The ‘culprit’ foods mentioned include bread and soft drinks, two foods that that cause potentially huge rises in blood sugar levels. The experiment is based upon volunteers giving information about their diet, presumable recalling what they ate and when; a notoriously inaccurate way to gather information. At the end of the experiment, 1,372 women developed diabetes out of a total of 66,485 which works out to around 2.1% of those monitored.
The original report, which you can find here, states that ‘With respect to specific food groups, a high-PRAL (potential renal acid load) diet included significantly more meat, fish, cheese, bread and soft drinks, particularly artificially sweetened beverages, whereas a diet with a low-PRAL score included more dairy products, fruit, vegetables and coffee (Table 1).’
How can meat be singled out as a potential diabetes risk in the presence of several other foods that cause massive insulin swings? The report states that ‘Although we adjusted for most of the known and potential type 2 diabetes risk factors, residual confounding cannot be ruled out.’
It reports that ‘A Western diet rich in animal products and other acidogenic (acid forming) foods can induce an acid load that is not compensated for by fruit and vegetables; this can cause chronic metabolic acidosis.’ Ok, so if we accept that excessive acidogenic foods could be a problem, how do we tell which foods are the problem – or is it all of them? Meat shares the list of acidogenic foods with, amongst others, white flour, bagels, croissants, popcorn, pasta, pastries and most grain products including refined cereals, carbonated soft drinks, sweetened juices, sweetened yoghurts, artificial sweeteners and many other products that we would (hopefully) steer well clear of. Fish and seafood are on there too. I don’t see the headlines warning us not to eat fish.

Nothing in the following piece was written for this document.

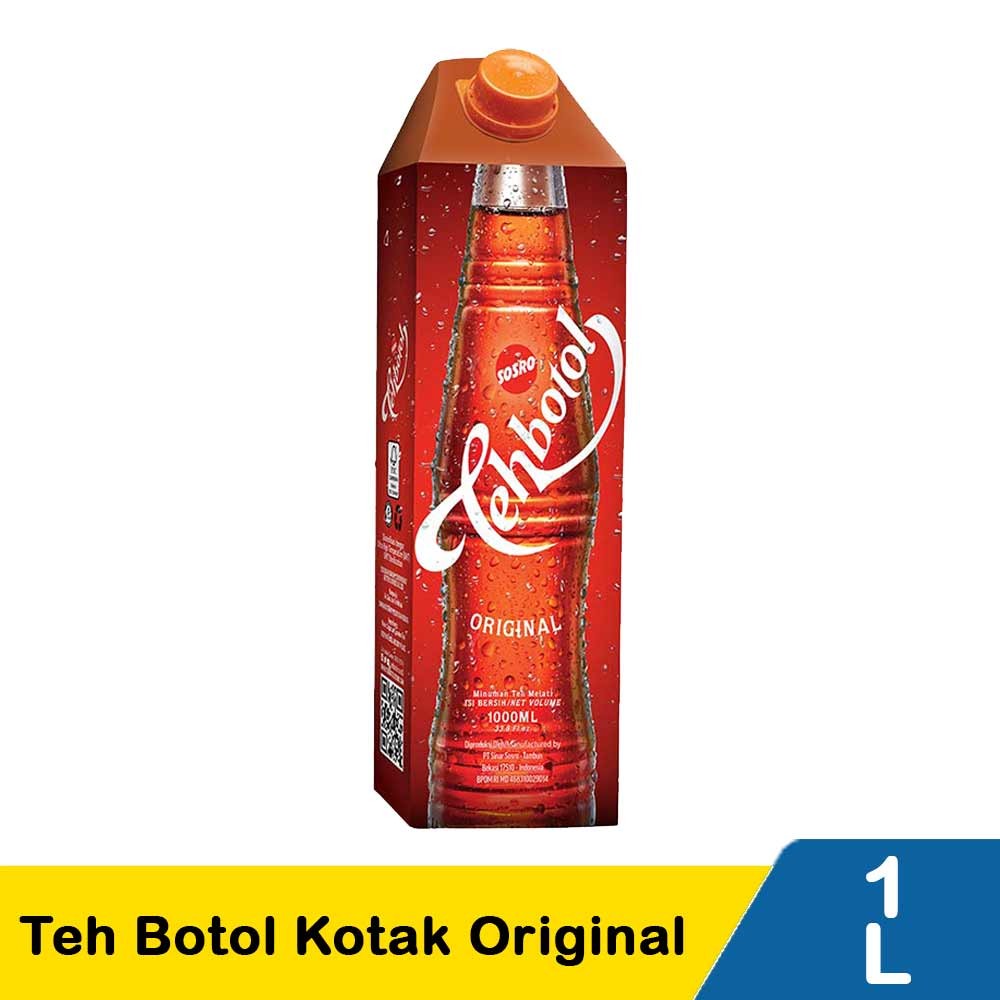 SOSRO TEH BOTOL (KOTAK)  1L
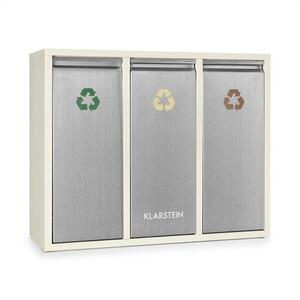 Imagine Klarstein ORDNUNGSHÜTTER 3, 45 L, alb-crem, cutie pentru deșeuri, 3 X 15 L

The strange thing is, I googled the report and found an earlier article by most of the same authors here. In this report, it quite clearly states that red meat (beef, pork, veal, horse, and sheep) poses no increased risk of diabetes, but ‘a direct association was observed only for processed red meat and type 2 diabetes.’ It also states that ‘…we observed no association between unprocessed red meat and diabetes risk’ and ‘Our results suggest that habitual consumption of processed red meat may be associated with a higher incidence of type 2 diabetes and that consumption of unprocessed red meat may not.’

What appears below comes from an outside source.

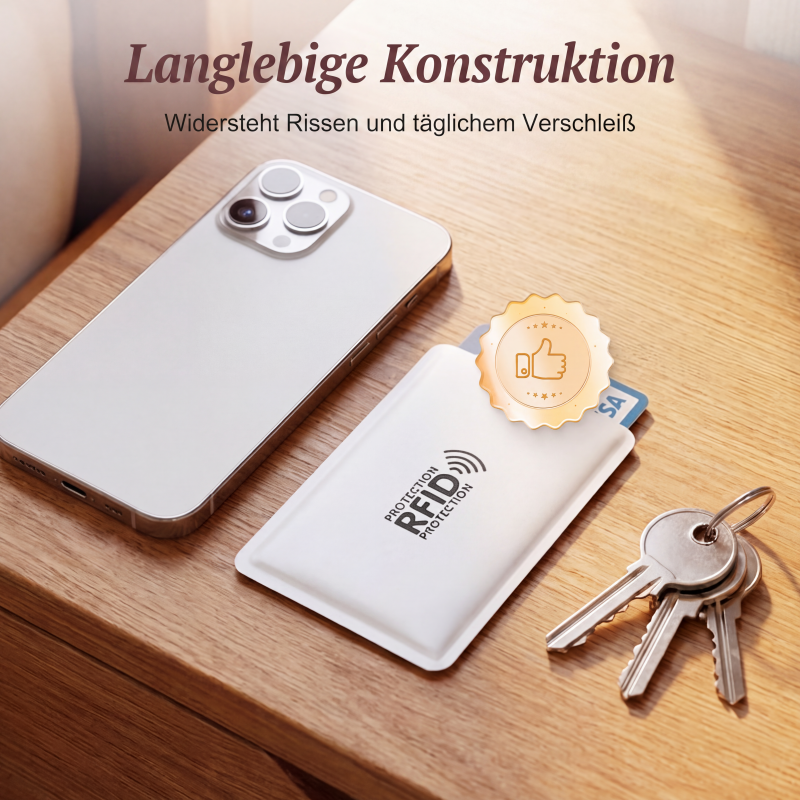 🥳2026 HEISSER VERKAUF🥳💞ÜBER 50.000 MAL VERKAUFT!🛡️💳 50 % RABATT! RFID‑blockierender Kreditkartenhalter – Schützt Ihre Karten vor digitalen Taschendieben. Schlank, langlebig & reisefreundlich – sichern Sie Ihre Identität! 🔒✨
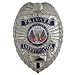 HWC Private Investigator Nickel Breast Badge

Again, even here it would be interesting to know how they isolated processed meat (sausage, salami, bacon, and ham) from other foods such as bread, sweet beverages, and other high carbohydrate foods that could increase diabetes risk.

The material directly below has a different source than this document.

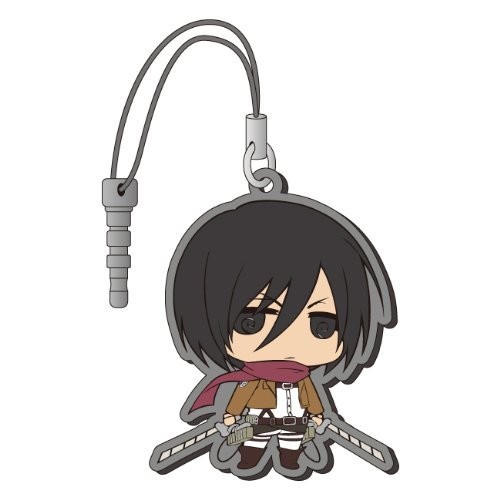 Attack on Titan Mikasa Phone Plug Rubber Phone Strap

I find all this is pretty confusing but I cannot understand how it gets interpreted by the Daily Mail as effectively saying that meat causes diabetes. Surely we would expect to see high incidences of diabetes in modern hunter-gatherer tribes whose diet is predominantly meat, if it is such a risk? Instead we are seeing increasing numbers of people diagnosed with diabetes in western societies and in particular developing societies that have adopted a ‘westernized’ diet in place of their more traditional foods. Presumably one needs to add increasing levels of stress and a decrease in physical exercise to this too. Check out this report for some global figures and projections:
All in all, I am not convinced that red meat raises the risk of diabetes, any more than I believe that it causes cancer and heart attacks.
A recent article in the Telegraph claimed that we should eat red meat only once a week: ‘Having analysed the diet of some 120,000 people over a 20-year period, researchers suggested that adding just one daily portion of red meat – steak and burgers for example – increased the overall risk of death by 13 per cent.‘ Presumably that’s the risk of getting hit by a bus on that extra trip to the butchers.